A Chinese modelling agency is under fire after a 14-year-old Russian model Vlada Dzyuba died in hospital on Friday, sparking accusations that she had been overworked and underpaid during her two-month working stint in the country that included Shanghai Fashion Week. ESEE Model Management has vehemently denied that the teenager, who was to turn 15 on November 8 but died without her family at her side, had been exhausted by a punishing schedule. ESEE has given a copy of a hospital certificate that gave the cause of her death as septicaemia, the invasion of bacteria into the bloodstream.
For years, modelling was seen as a silent profession, where women were seen, not heard. Not any more. Famous models are now seen increasingly voicing their concerns about issues troubling their industry such as race, colour, weight, anorexia, bulimia, abuse, harrassment, etc some of which has led to notable changes in the rules and regulations guiding the industry. For instance, now agencies are occasionally seen encouraging plus-sized models and anorexic models are strict no-no, even in the fashion Mecca of Paris.
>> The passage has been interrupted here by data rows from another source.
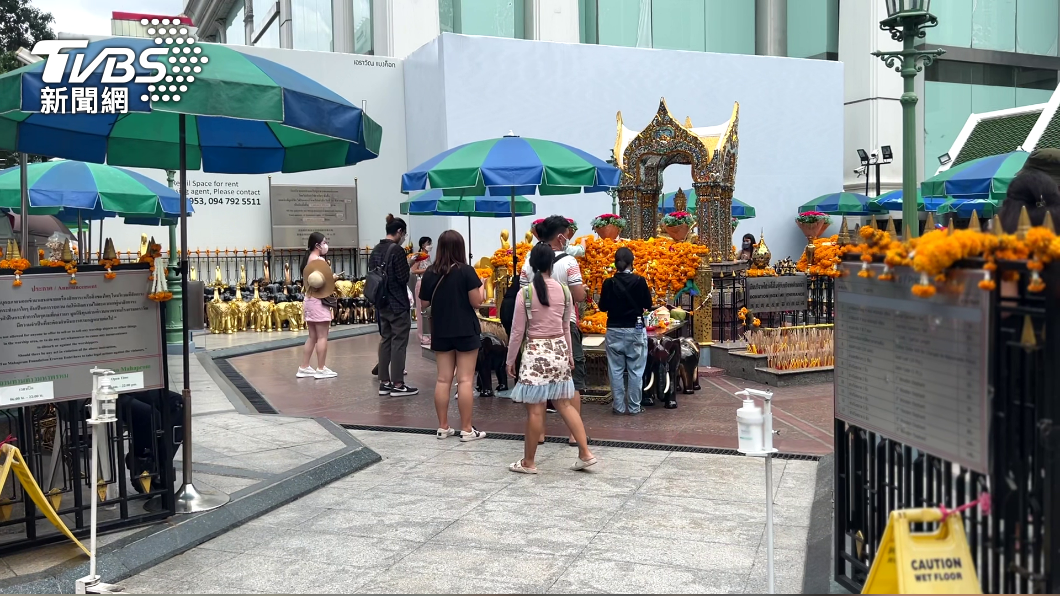 曼谷四面佛出現觀光客人潮。（圖／葉韋辰攝）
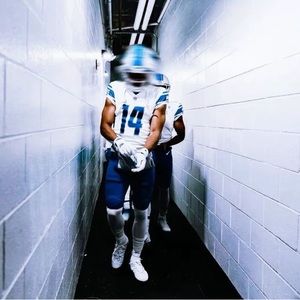 Meet your Posher, Julian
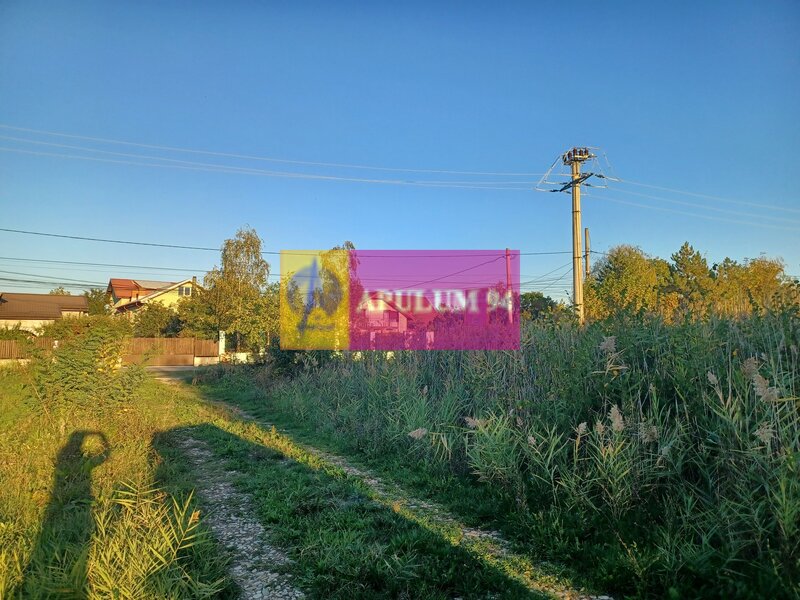 Gulia, teren intravilan 1108, cu utilitati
But even as long-standing norms change, new ugliness replaces it fast. Latest being — teenage models. ESSE president Johney Zheng has said that Dzyuba was indeed the youngest model his firm had ever represented in its 14 years of operation, and part of an accelerating global trend in the modelling industry. “Her face looked young because there is a new generation coming so the brands always want that the models can look younger and younger because consumers, in this internet age, are getting younger and younger.”
Fashion brands are focused on the young consumer — mostly high school and university students. Which means, the pressure grows for girls to look as young as possible. In fact, Japan is a country where baby-faced models are extremely popular. But singling out modelling may be wrong in the age of social media, when the pressure on every layman to look young is really intense. So much of our energies are expended on defying age that it’s tad unfair to question the fashion industry, where so much rides on looks. Perhaps it’s time we start talking about our new found obsession against ageing.